5 ans les séparent, ils sont tous deux bardés de récompenses, des faiseurs de tubes. Taylor Swift et Justin Bieber ont une carrière qu’on peut qualifier de prolifique et semblable à bien des égards. Alors que la première est face caméra dans un film documentaire sur Netflix, Miss Americana présenté au dernier Festival de Sundance, on suit le second dans une nouvelle série diffusée sur Youtube Originals.
Une trajectoire éclatante, des followers par millions sur Instagram, une fortune qui ne cesse de gonfler, Justin Bieber et Taylor Swift ont connu rapidement la célébrité et le sommet des charts. Mais comme tout le monde le sait, l’ultra-célébrité est une prison dorée, souvent assortie d’une lente et vertigineuse chute. À travers ces deux productions, deux destins différents mais pas tant que ça.
Chanter pour contrer la solitude
Réalisé par Lana Wilson, Miss Americana dépeint une Taylor Swift au firmament de sa célébrité, mais surtout proche du point de rupture. Dans Justin Bieber : Seasons, l’artiste canadien revient sur sa percée folle dans le milieu musical, avant de voir la célébrité lui monter à la tête, ouvrant un grand trou l’aspirant dans son obscurité. C’est là où la série et le film se croisent et développent une ficelle ô combien importante pour ces 2 artistes : le contrôle ou, dans tous les cas, la poursuite du contrôle.
Dans un business où l’image véhiculée dans les médias devient une lutte sans concession, devenant par la même occasion une sorte d’obsession, Bieber et Swift ont perdu contre le monde. La folie des médias, la méchanceté du moindre internaute heureux de déverser sa haine est propice à blesser un artiste, surtout à l’heure des réseaux sociaux. Le constat est criant pour la chanteuse pop-country, profondément blessée par cette haine virtuelle. En témoigne cette situation inconfortable avec Kanye West qui la poussera à quitter le navire de la célébrité, trop touchée par l’animosité des uns et des autres.
Un cas similaire pour Bieber, traîné dans la boue par différents médias, par les paparazzis, poussé à quitter le devant de la scène pour se ressourcer loin des projecteurs. Des actes forts pour ces deux superstars. Des machines à tubes qu’on pensait armées pour faire face à cette déferlante médiatique. Eh bien non, ils restent deux êtres sensibles, deux êtres humains. Une perte de contrôle qui entraîne irrémédiablement une réputation entachée. Cette image si difficile à polir – souvent travaillée par une équipe de communication – se retrouve salie par le moindre fait et geste, par la moindre parole malheureuse.
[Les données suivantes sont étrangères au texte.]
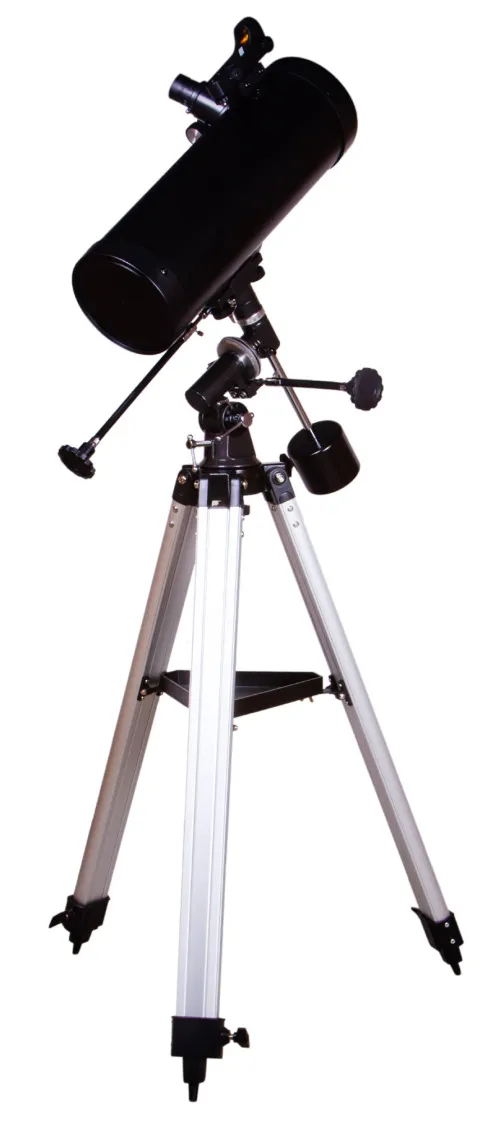 foto telescopio Levenhuk Skyline PLUS 115S,  2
Le piège de la célébrité se referme rapidement et ne laisse que peu de répit.
Swift et Bieber : à la recherche du contrôle
« JB » s’en est allé, loin des stades et de ses fans. Il a trouvé ce fameux contrôle auprès de sa dulcinée : Hailey Baldwin. C’est elle, en grande partie, qui a réussi à lui faire retrouver cette notion du contrôle. Animé par l’envie d’utiliser son don à bon escient, de partager sa musique avec le monde, Bieber retrouve le chemin des studios. La série évoque plus un processus créatif qu’une descente aux enfers, à contrario du documentaire Miss Americana, plus axé sur la question de la célébrité, de la relation que Swift entretient avec le monde extérieur.
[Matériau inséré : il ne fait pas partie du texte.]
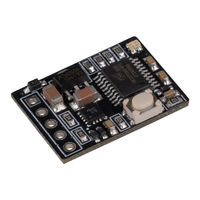 Joy-It COM-ZY12PDG Kurzanleitung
Le film étonne par des phrases telles que «j’ai appris à être heureuse en recevant des éloges» ou «je suis devenue celle que tout le monde voulait.» Des phrases qu’exprime l’artiste originaire du Tennessee, comme un aveu de faiblesse. Ce besoin perpétuel d’être la fille «gentille» lui a fait perdre le contrôle infiniment important dans une industrie qui vous broie au moindre faux-pas. Ses paroles démontrent une réelle solitude qui ne fait qu’accroître plus les tubes s’enchaînent. Miss Americana tend vers cette étrange sensation de voir une jeune adolescente prisonnière d’une carapace, celle d’une star mondiale encore immature, encore fragile à la moindre remarque. Une sensation également valable pour Bieber dans une plus moindre mesure.
Bieber et Swift, à la recherche de ce contrôle, vont arpenter le chemin de la déconstruction. Pour l’une, c’est l’incident sur scène avec Kanye West qui va faire office de détonateur, pour l’autre, c’est une somme d’épuisement. Pour deux artistes aux trajectoires pleine de succès et semblables, Hailey Baldwin dit quelque chose de très juste : «Justin Bieber a grandi devant le monde entier, pour ensuite se transformer en un adolescent, un jeune homme puis un adulte.» En somme, Miss Americana et Justin Bieber : Seasons révèlent deux artistes en pleine mutation, arrivant à maturité face à des hordes de fans en délire, des médias intransigeants, une opinion publique impitoyable. Pas facile de grandir, apprendre et vivre devant tant de monde.